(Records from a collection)
..............................
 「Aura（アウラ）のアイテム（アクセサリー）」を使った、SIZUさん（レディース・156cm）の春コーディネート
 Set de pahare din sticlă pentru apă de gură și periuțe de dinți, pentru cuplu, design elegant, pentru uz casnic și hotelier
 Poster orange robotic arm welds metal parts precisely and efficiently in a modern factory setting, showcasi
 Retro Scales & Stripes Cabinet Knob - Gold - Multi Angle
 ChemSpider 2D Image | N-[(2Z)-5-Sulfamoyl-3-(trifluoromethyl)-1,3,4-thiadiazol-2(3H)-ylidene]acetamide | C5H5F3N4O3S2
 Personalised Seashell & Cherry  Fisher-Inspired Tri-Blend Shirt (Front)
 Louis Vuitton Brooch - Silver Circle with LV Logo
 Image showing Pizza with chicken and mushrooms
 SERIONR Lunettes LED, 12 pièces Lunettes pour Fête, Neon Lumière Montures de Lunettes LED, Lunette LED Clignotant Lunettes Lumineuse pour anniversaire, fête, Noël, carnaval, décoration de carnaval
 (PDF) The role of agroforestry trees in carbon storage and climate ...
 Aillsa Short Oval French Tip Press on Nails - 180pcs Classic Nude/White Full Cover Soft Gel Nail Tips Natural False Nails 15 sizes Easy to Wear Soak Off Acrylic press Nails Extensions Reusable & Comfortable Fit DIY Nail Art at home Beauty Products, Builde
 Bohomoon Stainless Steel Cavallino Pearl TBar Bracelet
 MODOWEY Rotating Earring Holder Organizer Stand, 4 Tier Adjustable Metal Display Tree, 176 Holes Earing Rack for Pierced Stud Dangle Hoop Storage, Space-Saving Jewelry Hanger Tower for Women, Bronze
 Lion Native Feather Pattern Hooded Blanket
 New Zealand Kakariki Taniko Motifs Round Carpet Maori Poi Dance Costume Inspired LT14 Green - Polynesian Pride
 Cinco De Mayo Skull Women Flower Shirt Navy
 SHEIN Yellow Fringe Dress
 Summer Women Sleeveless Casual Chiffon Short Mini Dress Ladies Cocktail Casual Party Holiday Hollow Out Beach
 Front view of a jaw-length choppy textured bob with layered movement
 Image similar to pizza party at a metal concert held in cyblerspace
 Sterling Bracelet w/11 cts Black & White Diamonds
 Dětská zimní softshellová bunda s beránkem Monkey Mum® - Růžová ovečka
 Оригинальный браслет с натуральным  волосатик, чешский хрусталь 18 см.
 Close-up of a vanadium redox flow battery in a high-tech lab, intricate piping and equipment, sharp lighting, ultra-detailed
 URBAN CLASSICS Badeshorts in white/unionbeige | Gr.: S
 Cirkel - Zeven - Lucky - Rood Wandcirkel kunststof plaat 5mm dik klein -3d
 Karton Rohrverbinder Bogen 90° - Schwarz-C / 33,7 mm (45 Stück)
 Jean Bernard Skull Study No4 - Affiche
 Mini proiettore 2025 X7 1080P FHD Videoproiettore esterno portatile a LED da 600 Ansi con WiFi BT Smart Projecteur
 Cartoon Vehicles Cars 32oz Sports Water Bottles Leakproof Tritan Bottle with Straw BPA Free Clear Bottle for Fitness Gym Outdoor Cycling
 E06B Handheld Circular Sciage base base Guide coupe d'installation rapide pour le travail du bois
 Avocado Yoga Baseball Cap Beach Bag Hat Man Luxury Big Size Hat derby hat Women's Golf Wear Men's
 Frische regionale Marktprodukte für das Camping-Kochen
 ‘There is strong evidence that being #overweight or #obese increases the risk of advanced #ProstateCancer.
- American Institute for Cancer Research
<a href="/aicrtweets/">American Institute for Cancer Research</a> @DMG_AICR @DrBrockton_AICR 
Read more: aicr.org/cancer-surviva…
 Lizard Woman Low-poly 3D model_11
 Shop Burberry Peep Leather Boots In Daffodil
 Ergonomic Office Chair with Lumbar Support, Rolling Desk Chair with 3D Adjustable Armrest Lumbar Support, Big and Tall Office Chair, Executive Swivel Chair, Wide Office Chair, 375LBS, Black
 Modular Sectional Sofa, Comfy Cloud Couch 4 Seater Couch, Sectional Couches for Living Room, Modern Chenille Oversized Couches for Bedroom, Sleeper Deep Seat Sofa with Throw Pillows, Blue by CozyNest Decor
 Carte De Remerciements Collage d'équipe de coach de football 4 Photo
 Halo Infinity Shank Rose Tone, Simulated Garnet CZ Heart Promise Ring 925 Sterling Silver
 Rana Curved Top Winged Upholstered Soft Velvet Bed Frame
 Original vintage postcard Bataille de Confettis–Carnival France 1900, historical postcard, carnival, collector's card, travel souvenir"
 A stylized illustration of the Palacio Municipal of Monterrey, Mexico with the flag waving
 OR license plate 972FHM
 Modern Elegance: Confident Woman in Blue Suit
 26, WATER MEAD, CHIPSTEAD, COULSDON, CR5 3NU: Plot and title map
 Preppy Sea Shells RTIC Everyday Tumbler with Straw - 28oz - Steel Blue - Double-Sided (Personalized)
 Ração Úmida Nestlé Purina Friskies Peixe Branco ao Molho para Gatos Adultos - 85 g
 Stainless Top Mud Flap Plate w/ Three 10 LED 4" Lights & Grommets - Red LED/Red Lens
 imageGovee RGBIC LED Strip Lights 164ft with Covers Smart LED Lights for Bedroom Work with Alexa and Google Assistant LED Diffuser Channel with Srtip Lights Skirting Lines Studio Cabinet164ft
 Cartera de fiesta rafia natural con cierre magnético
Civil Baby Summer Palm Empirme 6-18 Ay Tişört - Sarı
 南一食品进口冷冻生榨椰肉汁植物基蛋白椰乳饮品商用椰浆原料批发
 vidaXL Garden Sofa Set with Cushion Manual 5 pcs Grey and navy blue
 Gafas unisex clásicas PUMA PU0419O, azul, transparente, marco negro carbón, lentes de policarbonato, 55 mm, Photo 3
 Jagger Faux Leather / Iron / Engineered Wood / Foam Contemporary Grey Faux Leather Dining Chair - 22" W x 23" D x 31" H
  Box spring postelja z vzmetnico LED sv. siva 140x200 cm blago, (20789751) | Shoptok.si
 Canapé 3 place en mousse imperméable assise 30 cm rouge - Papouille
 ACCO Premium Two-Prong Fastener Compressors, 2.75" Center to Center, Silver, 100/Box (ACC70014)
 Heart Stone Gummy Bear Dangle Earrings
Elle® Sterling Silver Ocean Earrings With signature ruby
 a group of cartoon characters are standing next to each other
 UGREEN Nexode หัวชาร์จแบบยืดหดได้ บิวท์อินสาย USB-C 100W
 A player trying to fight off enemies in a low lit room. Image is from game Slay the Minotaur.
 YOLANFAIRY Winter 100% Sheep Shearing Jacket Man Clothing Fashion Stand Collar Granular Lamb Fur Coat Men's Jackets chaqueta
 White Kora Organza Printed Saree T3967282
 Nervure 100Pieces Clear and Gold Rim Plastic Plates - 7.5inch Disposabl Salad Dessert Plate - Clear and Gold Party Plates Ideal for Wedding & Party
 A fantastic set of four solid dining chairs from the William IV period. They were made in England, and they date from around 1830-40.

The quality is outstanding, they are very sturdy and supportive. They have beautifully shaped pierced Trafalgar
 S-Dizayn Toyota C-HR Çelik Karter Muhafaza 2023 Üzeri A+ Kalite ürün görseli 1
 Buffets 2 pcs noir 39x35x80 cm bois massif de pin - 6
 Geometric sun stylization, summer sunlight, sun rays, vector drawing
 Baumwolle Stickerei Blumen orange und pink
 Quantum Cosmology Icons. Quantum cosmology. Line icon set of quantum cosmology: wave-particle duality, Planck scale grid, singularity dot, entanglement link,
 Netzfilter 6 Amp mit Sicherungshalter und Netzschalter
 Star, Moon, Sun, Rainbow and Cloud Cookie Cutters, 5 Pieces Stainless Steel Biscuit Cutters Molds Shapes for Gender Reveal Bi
..............................
* What the task asks: Each line above that includes the word "They" is to be copied.

* Completed task:
 A fantastic set of four solid dining chairs from the William IV period. They were made in England, and they date from around 1830-40.
The quality is outstanding, they are very sturdy and supportive. They have beautifully shaped pierced Trafalgar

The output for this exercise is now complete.